Pasados cuatro o cinco meses de la masacre, la población que se había ido, en su mayoría a Villavicencio, empezó a retornar, no sin algo de intranquilidad. “Las personas retomaron sus quehaceres diarios, volvieron a rebuscarse la vida”, recuerda.
Algunos años después comenzaron nuevamente los rumores sobre la llegada de los paramilitares. Parecía que la historia estaba dispuesta a repetirse cuando, en 2002, regresaron miembros de las autodefensas.
Para esa época Nelcy estaba embarazada de su tercera hija, tenía un billar y los paramilitares estaban en el pueblo. Entonces la zozobra comenzó de nuevo porque la guerrilla estaba en el área rural y hacía hostigamientos desde el otro lado del río Guaviare.
El día en que le dieron los dolores previos al parto, la guerrilla mandó desde el otro lado del río 14 cilindros. Nelcy casi muere entonces, pero al fin la niña nació.
“Días después, la familia de un amigo que vivía en el campo trajo su cuerpo en una hamaca porque lo habían matado. A raíz de eso mucha gente se llenó de nuevo de temor y salimos del pueblo. O sea, en el 2002 el pueblo quedó vacío, incluso más desocupado que en los días posteriores a la masacre, con la diferencia de que en esta ocasión la gente se fue más para el área rural y unos pocos para Villavicencio”, asegura Nelcy.

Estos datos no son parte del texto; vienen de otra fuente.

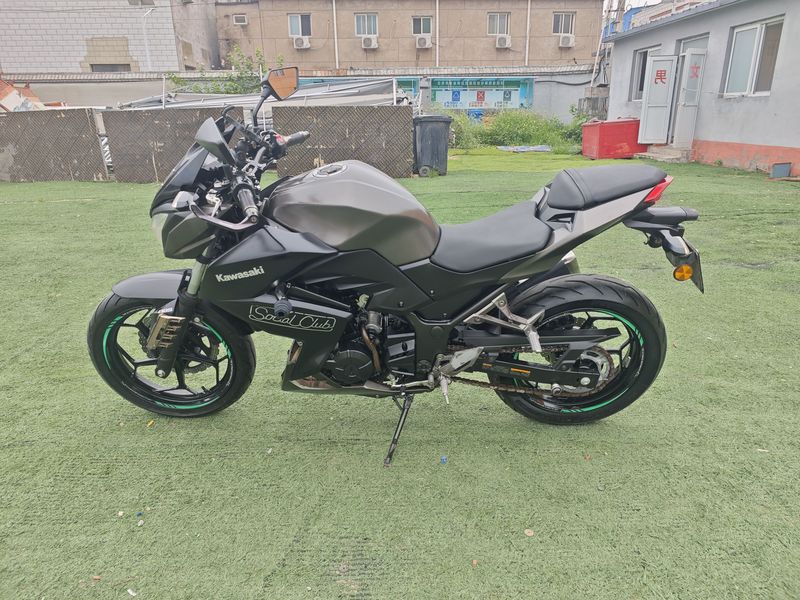 二手川崎Z 250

Ella escogió el campo. “Arrancamos para un fundo que tenía mi esposo. Yo tenía dos días de alentada y me fui con ella y los otros hijos. Allá dormíamos muy precariamente y me enfermé. Por mi estado de salud, me sacaron hacia Villavicencio, junto con mi bebé y mis otros dos hijos, en una avioneta de la Cruz Roja. Salí por el temor que había y por lo que estaba enferma”.
En la capital del Meta llegaron adonde un familiar del esposo de Nelcy y sobrevivieron con el dinero que él les enviaba. “Luego de seis meses regresamos al pueblo. Para ese momento la mayoría de la gente ya había retornado y nosotros retomamos el negocio del billar. Aunque los hostigamientos continuaban, uno terminaba acostumbrándose a eso. Entonces se sentía cuando la guerrilla mandaba una pipeta, uno corría para quedar fuera del radio de la explosión y luego volvía a su trabajo o a lo que estuviera haciendo en ese momento”, agrega.
Posteriormente se instalaron una base militar y, en 2003, un puesto de policía fijo. “Digamos que la tranquilidad llegó a la zona, situación que se mantiene hasta el momento”.
Según Nelcy, la desmovilización de la guerrilla, producto del Acuerdo de Paz, también sirvió mucho para la tranquilidad en la región.
Todo lo que vivió la hizo más fuerte y se ha superado, a tal punto que en 2013 fue elegida coordinadora de la Mesa Municipal de Víctimas de Mapiripán. “Fue una experiencia muy bella, porque fui a varias capacitaciones en representación de mi municipio. En esos espacios, junto con mis compañeros de la mesa, siempre dejamos claro que éramos sobrevivientes y que no éramos víctimas. Nosotros mismos nos encargamos de que esa frase ‘pobrecitos los de Mapiripán’ se acabara. En adelante comenzamos a proponer ideas en esos espacios y estábamos a la par de las otras mesas municipales de víctimas”, asegura con orgullo.
Luego, varios amigos que veían en ella cualidades de liderazgo y solidaridad le propusieron que se lanzara como candidata al Concejo municipal. En ese primer intento, obtuvo la mayor votación a esa corporación. Ahora está en su segundo periodo como concejal.
Encara la vida con optimismo y no guarda rencor a quienes tanto afectaron a su familia, amigos y a su pueblo. Cuenta que ya perdonó porque “no me quedé con el pasado, hay que echar ‘palante’ ante las adversidades y lo he hecho; soy una persona resiliente porque, pese a lo que viví, he logrado salir adelante junto con mi familia”, asevera.
Hoy Nelcy, aparte de sus labores de concejal, organiza eventos y reuniones sociales “porque me gusta la cocina” y forma parte del comité de impulso del plan de reparación colectiva que adelanta la Unidad para las Víctimas con la comunidad de su municipio, buscando con ello sanar las heridas y reparar las esperanzas que tanto anhela Mapiripán.